Include tadabbur, meaning reflecting on the meaning of the verses you read. You may read the translation of the page you are reciting, or open a concise commentary for a verse that touches the heart. Reflection turns recitation from a movement of the tongue into a dialogue of the heart with the words of Allah, so that repeated completion always feels fresh and leaves an impression.
If your tajwid is not yet firm, learn from a competent teacher or follow a structured tahsin program. Improving the reading first and then running a regular completion schedule is the order that preserves quality. With a sound tahsin method, your tongue is trained to read accurately before any increase in speed.
Balance speed and devotion according to your state. On ordinary days, read with a calm tartil while attending to the meaning; on days when you wish to add volume, still guard the articulation points and reading rules even as the pace flows more smoothly. A more concise way of reading remains valid as long as the essential rules of tajwid are fulfilled. What matters is that every letter is given its right, and each elongation and nasalization is read to its proper measure, so the blessing of the reading is preserved throughout your completion journey.
وَرَتِّلِ الْقُرْآنَ تَرْتِيلًا
Wa rattilil-Qur'ana tartila
And recite the Quran with measured recitation.
Supplication and etiquette of completing the Quran
Beginning recitation with proper etiquette adds blessing.
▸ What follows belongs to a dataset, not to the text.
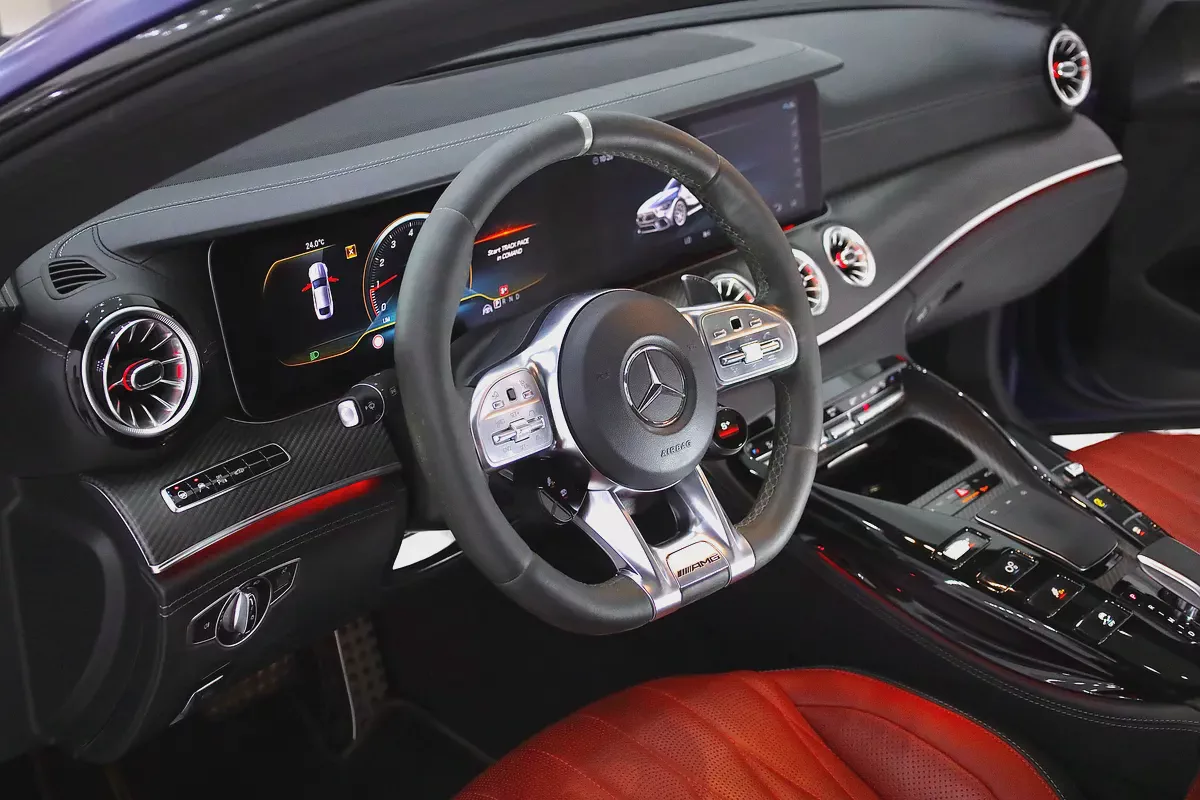 AMG GT-63s SPECIAL DESIGNO BRILLIANT MANGO + FULLY LOADED + CARBON EXT/INT-4-4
Before reading, purify yourself with ablution, turn your heart attentively, then begin with the ta'awwudh, saying a'udhu billahi minash-shaytanir-rajim, followed by the basmalah at the start of a surah. Sit calmly facing the qiblah where possible, and keep the place of reading clean.
When you reach completion, Muslims customarily offer a closing supplication for khatam. This prayer is not bound to a single obligatory wording; you may raise your request in your own words, asking that the Quran become a light for the heart, a helper in this world and the next, and that Allah grant understanding and practice. Some scholars encourage gathering the family at completion to supplicate together.
After completing, it is recommended to begin a fresh reading at once, following the practice of some early Muslims who closed a completion and then opened Surah Al-Fatihah and the start of Al-Baqarah so that recitation never stopped. This attitude affirms that the bond with the Quran lasts a lifetime, and completion is a doorway to the next completion.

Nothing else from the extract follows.